James Delingpole James Delingpole

Spectator Debate: Sex, drugs and rock n’ roll. Welcome to Generation Y’s world

The Spectator’s latest debate – Stop Whining Young People: You’ve Never Had It So Good – was most disgracefully skewed in favour of the proposition. Not only did the epically relaxed moderator Toby Young flagrantly and self-confessedly side with the proposers but so too did the event sponsor, Alan Warner of Duncan Lawrie private banking.

Warner recalled, in his introductory speech, how very difficult it had been as a young man coming to terms with the fact that he would never be able to afford to live, like his parents’ generation, in Chelsea. Instead, he had to venture to the exotic reaches of the Angel, Islington and had to endure years of taunts on the lines of ‘Well I know where it is on the Monopoly board. It’s the last pale blue cheap one before you get to the jail’.

Still it was a good point well made and got to the very heart of the problem faced by those opposing the motion: yes it may feel right that today’s struggling yoof with their student loans and their unpaid internships are having it tougher than ever. But unfortunately there’s just no hard evidence to support it.

As both economics editor Jeremy Warner and social trends analyst Paul Flatters noted in their sparkling proposition speeches, on every measure – health, standard of living, GDP per capita growth, technological advances, potential longevity – today’s young generation are the most blessed in all history. Plus, according to the event’s comedy turn – a weird, nervy, skinny fellow called James Delingpole – they have much easier access than any before them to life’s three main essentials – sex, drugs, and rock n’ roll (Tinder/Grindr; Silk Road; Spotify – in case you wondered).

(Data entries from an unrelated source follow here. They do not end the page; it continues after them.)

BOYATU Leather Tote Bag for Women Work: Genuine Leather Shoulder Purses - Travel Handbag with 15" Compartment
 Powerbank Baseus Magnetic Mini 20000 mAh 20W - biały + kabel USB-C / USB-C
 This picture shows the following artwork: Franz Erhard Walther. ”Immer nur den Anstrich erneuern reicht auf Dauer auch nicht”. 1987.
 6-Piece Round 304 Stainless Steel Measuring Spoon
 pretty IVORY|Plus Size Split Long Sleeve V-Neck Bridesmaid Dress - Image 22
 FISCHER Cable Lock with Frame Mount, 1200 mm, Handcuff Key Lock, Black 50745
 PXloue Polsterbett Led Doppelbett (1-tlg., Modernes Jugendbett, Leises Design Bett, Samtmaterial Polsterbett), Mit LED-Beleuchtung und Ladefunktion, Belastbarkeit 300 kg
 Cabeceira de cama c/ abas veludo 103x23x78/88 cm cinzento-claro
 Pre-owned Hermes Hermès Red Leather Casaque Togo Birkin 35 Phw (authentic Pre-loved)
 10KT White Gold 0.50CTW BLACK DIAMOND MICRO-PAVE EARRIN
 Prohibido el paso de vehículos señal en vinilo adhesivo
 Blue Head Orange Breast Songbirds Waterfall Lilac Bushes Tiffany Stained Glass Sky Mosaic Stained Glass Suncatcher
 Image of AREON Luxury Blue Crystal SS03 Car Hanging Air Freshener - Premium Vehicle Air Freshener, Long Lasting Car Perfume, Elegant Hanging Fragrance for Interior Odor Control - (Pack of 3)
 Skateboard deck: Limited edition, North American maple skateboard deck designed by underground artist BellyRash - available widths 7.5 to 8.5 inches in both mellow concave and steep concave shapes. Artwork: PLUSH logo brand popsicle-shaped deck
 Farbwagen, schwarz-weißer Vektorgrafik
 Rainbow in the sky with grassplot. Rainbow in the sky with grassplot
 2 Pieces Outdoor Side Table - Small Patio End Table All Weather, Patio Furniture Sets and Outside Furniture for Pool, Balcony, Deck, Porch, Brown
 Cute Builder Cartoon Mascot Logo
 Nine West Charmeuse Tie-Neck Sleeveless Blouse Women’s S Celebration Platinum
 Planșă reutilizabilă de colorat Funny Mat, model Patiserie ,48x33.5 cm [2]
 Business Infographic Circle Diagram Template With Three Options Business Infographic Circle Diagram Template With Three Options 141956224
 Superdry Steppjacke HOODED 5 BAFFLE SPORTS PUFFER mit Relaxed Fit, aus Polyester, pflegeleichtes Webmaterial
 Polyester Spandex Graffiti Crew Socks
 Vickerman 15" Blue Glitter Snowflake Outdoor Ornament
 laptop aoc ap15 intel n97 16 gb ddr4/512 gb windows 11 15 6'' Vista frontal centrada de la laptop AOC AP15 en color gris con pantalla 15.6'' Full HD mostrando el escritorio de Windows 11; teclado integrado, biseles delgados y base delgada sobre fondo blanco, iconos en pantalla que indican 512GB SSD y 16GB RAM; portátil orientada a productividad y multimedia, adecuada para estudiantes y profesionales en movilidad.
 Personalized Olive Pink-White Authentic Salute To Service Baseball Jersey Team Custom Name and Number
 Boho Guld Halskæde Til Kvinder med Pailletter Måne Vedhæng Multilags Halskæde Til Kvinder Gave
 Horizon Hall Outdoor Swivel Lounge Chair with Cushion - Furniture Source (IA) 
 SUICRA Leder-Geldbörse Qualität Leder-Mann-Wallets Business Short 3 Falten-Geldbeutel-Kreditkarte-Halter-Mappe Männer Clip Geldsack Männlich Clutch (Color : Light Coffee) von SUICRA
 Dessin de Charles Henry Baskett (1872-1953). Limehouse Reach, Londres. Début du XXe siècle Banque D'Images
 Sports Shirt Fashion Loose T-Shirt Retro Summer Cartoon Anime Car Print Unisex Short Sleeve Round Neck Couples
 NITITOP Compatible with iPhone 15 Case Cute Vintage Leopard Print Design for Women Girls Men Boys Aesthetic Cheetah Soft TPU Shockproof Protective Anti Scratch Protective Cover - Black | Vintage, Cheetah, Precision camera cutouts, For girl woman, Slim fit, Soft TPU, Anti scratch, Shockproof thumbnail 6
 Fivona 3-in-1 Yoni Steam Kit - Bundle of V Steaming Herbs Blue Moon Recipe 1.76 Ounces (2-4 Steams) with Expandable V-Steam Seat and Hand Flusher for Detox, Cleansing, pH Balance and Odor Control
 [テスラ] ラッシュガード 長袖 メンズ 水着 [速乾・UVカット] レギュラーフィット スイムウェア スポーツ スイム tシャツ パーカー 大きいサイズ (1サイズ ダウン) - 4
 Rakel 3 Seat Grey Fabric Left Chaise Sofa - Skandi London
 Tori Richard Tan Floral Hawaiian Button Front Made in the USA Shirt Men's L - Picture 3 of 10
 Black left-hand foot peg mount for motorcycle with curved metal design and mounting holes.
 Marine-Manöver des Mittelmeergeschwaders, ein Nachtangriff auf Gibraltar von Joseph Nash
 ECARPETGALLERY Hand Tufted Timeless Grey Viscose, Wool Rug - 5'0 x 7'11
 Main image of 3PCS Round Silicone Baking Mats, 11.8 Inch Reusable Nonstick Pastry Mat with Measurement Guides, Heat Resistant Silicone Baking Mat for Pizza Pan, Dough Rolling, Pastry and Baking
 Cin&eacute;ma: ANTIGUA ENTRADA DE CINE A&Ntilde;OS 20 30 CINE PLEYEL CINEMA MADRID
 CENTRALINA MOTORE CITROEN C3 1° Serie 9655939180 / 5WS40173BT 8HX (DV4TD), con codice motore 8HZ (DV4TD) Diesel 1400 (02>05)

Faced with these overwhelming arguments, the motion’s opposers had no option but to die valiantly on the wire. Personal finance writer Katie Morley (at 25, the only actual member of Generation Y on the panel) did so with youthful passion and earnestness; Ed Howker – journalist and author of Jilted Generation: How Britain Bankrupted its Youth, did so with wit and magisterial eloquence; Tottenham MP David Lammy did so with a smooth, loftily wearied, and gently affecting plea on behalf of his Labour party’s brand of apparently benign and caring statism.

But it wasn’t enough. Though the opposers won the most votes in total, they lost on rhetoric: 15 members of the audience who had voted against the motion at the beginning had been persuaded to change their minds by the end.